The best vegan milk for baking is soy milk, hands down! Its high protein content means it works well in almost any baking recipe at a 1:1 ratio for cow’s milk. It has a neutral flavour and is great for making creamy dairy-free buttermilk.
For other bakes, oat milk and almond milk come in a close second. They are best used in recipes that specifically call for them, or for recipes that only require a small amount of liquid, such as cookies. They’re also good for desserts that don’t require the milk to be used for binding, like custard.
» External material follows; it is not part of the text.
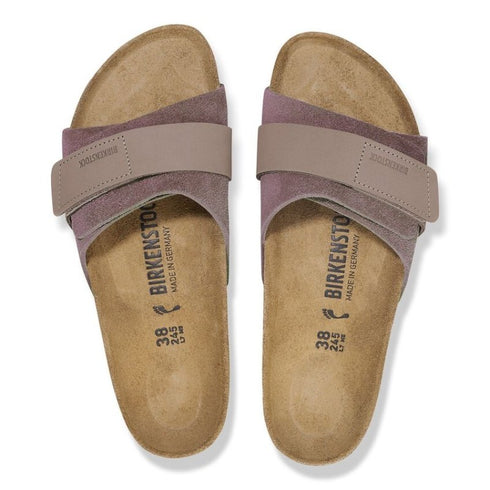 Oita Suede Leather Faded Purple - Birkenstock - Faded Purple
Desserts to try with soy milk:
Tips for choosing a milk alternative for baking
- Always use unsweetened milk. The added sugar in plant-based milks can really mess with the end result of your dessert. Vegan brownies, for example, will split and become greasy if there’s too much sugar in the batter. My go-to vegan milk for baking is Tesco unsweetened organic soy milk or Alpro unsweetened organic soy milk.
- Use organic if possible. Using organic plant-based milks will help to minimise the amount of extra additives in the recipe- additives that may interfere with the texture of your baked goods. It’s an especially good idea to go organic if you’re using soy milk, to avoid GMO soy.
- Follow the recipe closely. You can’t simply switch soy milk for almond milk and expect it to work the same way. It’s important to use whatever the recipe calls for, to avoid errors and get the best outcome for your bakes.